Amazon's Rekognition Falsely Identified Congress Members In Mugshot Database

Amazon has been under some heat lately for its facial recognition tool dubbed 'Rekognition'. This tool was used by some police forces to help catch some criminals. But it has come under fire lately for not being all that accurate. The ACLU or American Civil Liberties Union, did an experiment to see how well this tool actually worked. And Rekognition falsely identified 28 members of Congress - from both the House and Senate - in a mugshot database. Showing one of the worst failure rates imaginable.

In the experiment, the ACLU found that Rekognition had the worst failure rate for people of color. The ACLU had built a database of around 25,000 pubclicly available mugshots, and then used Rekognition to search the database for each member of the Senate and House of Representatives. There were 28 false matches, and 39-percent of those were for people of color. Only about 20-percent of Congress are people of color in the first place. This actually is not surprising, as other recognition tools have issues with people of color, so seeing that Rekognition is also having the issue, is not a big surprise.
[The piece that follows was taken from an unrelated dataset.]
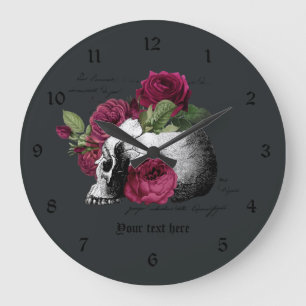 Grande Horloge Ronde Crâne Floral Bourgogne Gothique Crâne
Jacob Snow, one of the technology attorneys for the ACLU stated that "I think these results emphasize that there are applications of face surveillance that are not safe. You could imagine a police officer getting a match that somebody has, for example, a concealed weapons arrest and that's going to bias the police officer." While facial recognition could really help law enforcement catch criminals that are on the loose and identify them. It could also falsely accuse a number of people, especially those of color. Which wouldn't be a good look, and currently the police already have a lot against them in the US. And this is something else that they don't need to worry about right now.